From reproductions I always think I don't much like El Greco, but then face to face with the canvas it is always mesmerizing.
The online catalog of the National Gallery of Art provides some interesting "Conservation Notes" on this painting:
The support is a fine-weight, plain-weave fabric, lined to a similar fabric. Over the white ground El Greco applied a thin red imprimatura, which he left exposed in many parts of the composition. The paint was applied in rich, opaque layers with thin, scumbled brushwork in the areas of lighter color. Although there is no high impasto, the brushwork is lively and textured. X-radiographs reveal only a few minor revisions of the composition.
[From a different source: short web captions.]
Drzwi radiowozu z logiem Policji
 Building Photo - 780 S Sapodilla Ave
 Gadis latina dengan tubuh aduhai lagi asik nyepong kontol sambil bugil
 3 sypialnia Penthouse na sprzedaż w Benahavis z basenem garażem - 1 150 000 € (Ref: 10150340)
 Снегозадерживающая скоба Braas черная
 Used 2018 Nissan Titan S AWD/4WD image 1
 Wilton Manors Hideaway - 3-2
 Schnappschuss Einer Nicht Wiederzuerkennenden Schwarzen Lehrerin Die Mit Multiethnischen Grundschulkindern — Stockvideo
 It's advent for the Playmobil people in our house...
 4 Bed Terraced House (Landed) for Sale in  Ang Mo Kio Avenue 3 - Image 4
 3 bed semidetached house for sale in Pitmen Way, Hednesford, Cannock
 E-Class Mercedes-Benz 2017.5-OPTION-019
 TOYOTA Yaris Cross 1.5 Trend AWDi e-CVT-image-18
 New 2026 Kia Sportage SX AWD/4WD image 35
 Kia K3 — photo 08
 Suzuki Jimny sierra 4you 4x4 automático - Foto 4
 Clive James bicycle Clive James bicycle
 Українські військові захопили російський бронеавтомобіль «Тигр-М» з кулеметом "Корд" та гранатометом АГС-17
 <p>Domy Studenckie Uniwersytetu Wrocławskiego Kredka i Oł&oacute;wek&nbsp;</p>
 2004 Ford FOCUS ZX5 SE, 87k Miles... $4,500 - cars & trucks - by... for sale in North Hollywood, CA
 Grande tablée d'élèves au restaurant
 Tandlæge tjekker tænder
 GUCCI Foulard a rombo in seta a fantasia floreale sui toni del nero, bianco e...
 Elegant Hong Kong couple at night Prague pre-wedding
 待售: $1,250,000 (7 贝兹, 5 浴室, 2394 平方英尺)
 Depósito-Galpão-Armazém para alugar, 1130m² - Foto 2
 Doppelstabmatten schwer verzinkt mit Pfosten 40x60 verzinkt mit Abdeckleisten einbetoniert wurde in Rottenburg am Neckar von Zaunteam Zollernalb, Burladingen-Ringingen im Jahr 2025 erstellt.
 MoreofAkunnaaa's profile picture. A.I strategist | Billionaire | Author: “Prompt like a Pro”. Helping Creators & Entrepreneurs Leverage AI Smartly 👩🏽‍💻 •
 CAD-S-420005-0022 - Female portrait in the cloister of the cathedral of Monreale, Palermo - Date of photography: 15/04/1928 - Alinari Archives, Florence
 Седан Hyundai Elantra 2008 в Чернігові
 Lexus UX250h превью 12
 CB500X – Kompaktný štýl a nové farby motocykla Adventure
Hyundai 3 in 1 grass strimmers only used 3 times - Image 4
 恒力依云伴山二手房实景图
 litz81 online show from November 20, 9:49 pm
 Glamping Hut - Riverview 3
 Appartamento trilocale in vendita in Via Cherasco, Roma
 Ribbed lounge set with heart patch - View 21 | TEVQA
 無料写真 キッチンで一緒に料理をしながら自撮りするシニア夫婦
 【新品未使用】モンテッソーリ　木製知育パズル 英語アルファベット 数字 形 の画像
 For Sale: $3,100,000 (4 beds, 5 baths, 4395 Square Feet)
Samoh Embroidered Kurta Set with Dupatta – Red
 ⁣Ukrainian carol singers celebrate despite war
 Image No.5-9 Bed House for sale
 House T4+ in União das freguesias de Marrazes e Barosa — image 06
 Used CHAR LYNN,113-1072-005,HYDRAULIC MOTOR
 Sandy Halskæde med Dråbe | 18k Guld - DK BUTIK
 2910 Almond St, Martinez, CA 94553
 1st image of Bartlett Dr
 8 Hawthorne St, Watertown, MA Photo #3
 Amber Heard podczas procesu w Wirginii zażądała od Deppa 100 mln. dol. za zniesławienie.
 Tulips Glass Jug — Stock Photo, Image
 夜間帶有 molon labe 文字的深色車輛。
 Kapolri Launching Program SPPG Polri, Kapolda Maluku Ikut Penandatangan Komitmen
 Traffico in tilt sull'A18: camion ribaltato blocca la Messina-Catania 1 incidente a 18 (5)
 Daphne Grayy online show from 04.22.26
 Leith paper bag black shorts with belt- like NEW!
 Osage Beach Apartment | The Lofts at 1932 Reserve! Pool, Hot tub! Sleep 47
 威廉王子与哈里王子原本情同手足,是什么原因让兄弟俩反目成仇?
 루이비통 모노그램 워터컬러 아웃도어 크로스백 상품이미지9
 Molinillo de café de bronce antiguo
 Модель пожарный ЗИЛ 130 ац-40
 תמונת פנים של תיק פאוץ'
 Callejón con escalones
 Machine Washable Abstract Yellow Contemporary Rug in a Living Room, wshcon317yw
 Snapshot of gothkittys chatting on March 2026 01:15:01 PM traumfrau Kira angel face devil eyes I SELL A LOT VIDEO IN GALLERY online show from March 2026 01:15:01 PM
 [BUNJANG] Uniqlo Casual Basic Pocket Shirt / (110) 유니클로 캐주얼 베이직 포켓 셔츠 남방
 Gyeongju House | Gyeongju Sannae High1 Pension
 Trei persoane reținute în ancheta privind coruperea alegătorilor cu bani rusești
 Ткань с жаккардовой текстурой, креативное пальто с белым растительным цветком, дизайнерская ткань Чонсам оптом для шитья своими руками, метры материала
The painting was cleaned and restored by Mario Modestini in 1955. Extensive areas of loss in the throat, chest, and legs of the figure at the far left and in the raised leg of Laocoön were inpainted, as were smaller scattered damages. Modestini removed loincloths which had been painted over the figures at the far left and far right and a large bouffant coiffure which had been added to the female figure at the right. He also exposed the middle head of the group of three now visible at the right and the fifth leg between the two standing figures at the right. The painting is in fair condition.